Resolving the query without dataloader

Here the dog had three friends which means we queried the database at least seven times to resolve the query. Now that might not seem like a ton, but the worst cases can get a lot worse. What if the dog has 100 friends? What if query drills down even further in the owner object? It's not hard to write a query that can hit the database 100s of times to resolve a single query. Now let's see how this would look with dataloader:

#+begin_src mermaid :file "with-dataloader.svg" :pupeteer-config-file "~/.emacs.d/pupeteer-config.json" :mermaid-config-file "~/.emacs.d/mermaid-config.json" :background-color "transparent" stateDiagram-v2 direction LR state "Load dog" as ldog state "Load friends" as lfriend state "Load owners" as lowner [*] --> ldog ldog --> lfriend lfriend --> lowner #+end_src #+RESULTS: [[file:with-dataloader.svg]]
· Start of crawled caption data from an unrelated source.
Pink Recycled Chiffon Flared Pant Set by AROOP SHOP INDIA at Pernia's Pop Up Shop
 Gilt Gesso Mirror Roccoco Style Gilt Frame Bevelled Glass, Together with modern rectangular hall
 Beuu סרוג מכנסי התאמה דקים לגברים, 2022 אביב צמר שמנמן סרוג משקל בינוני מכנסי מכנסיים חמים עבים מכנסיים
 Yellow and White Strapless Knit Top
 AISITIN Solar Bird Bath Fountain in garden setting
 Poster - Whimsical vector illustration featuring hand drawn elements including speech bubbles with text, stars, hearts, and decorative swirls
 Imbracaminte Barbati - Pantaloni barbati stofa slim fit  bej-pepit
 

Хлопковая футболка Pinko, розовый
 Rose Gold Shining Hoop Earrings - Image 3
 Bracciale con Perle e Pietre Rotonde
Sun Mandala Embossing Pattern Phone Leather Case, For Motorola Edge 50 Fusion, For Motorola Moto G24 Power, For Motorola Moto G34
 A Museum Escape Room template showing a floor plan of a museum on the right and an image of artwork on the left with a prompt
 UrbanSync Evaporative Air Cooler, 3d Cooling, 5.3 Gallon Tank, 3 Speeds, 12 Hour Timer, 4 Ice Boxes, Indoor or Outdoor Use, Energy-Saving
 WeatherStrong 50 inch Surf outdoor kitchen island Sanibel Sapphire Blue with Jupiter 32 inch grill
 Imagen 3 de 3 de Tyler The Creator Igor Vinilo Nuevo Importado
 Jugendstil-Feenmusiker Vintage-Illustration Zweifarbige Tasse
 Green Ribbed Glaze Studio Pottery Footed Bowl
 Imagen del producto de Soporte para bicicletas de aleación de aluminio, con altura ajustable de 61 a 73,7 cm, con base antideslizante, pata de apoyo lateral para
Resolving the query with dataloader

This will scale up much better to more complex queries.

Implementing Dataloader

Now let's take a deeper look at how to implement dataloader for a service that queries a relational database. First we'll take a look at how to batch load a single entity like owner in the example query:

import { Kysely, SqliteDialect, Selectable } from "kysely";
import Database from "better-sqlite3";

// The columns in the `owners` table.
interface OwnerTable {
  id: string;
  name: string;
}

// The tables in the database.
interface Database {
  owners: OwnerTable;
}

// Instantiate a query builder instance.
const db = new Kysely<Database>({
  dialect: new SqliteDialect({
    database: new Database("test.db"),
  }),
});

// Batch loader for a single `Owner` object.
const batchLoadOwners = async (keys: readonly string[]) => {
  // Build a query to get every owner that matches a key.
  const owners = await db
    .selectFrom("owners")
    .select("id", "name")
    .where("id", "in", keys)
    .execute();

  // Re-order the results to match the keys inserting null where there was no result.
  const results: Array<Selectable<OwnerTable> | null> = [];
  for (const key of keys) {
    results.push(owners.find((owner) => owner.id === key) ?? null);
  }

  // Return the reults.
  return results;
};

To efficiently load more than one owner we select from the owners table filtering by all of the ids that come in as keys. Then we reorder the results to match the keys order inserting null where one is missing. That is the more straightforward case though. How do you load a list of entities like friends in the above query. Well it would look like this:

import { Kysely, SqliteDialect, Selectable, sql } from "kysely";
import Database from "better-sqlite3";

// The columns in the `friends` table.
interface FriendTable {
  id: string;
  name: string;
  dog_id: string;
}

// The tables in the database.
interface Database {
  friends: FriendTable;
}

// Instantiate a query builder instance.
const db = new Kysely<Database>({
  dialect: new SqliteDialect({
    database: new Database("test.db"),
  }),
});

// A batch loader function for multiple `Friend` objects.
const batchLoadFriends = async (keys: readonly string[]) => {
  // Map the keys to queries to get all of the friends for a dog.
  // Each key gets one query which has a unique numeric index attached to each result for it.
  let index = 0;
  const queries = keys.map((key) => {
    return db
      .selectFrom("friends")
      .select(["id", "name", "dog_id", () => sql.raw(`${index++}`).as("index")])
      .where("dog_id", "=", key);
  });

  // Join the queries together with UNION ALL.
  let builder = queries.at(0);
  for (const query of queries.slice(1)) {
    builder = builder?.unionAll(query);
  }

  // Execute the query.
  const friends = (await builder?.execute()) || [];

  // Split up the results by key using the numeric index.
  const results: Array<Selectable<FriendTable>>[] = [];
  keys.forEach((_, index) => {
    results.push(friends.filter((friend) => friend.index == index));
  });

  // Return the results.
  return results;
};

We map every key to a query to get the friends for that key. That query includes a unique numeric index that will be used later. We don't want to execute these queries one at a time, so we use UNION ALL to join them together. From there it's just a matter of splitting up the results by index in the order of keys.

Conclusion

Dataloader is a powerful way to implement request scoped caching, and it's particularly helpful when building GraphQL APIs.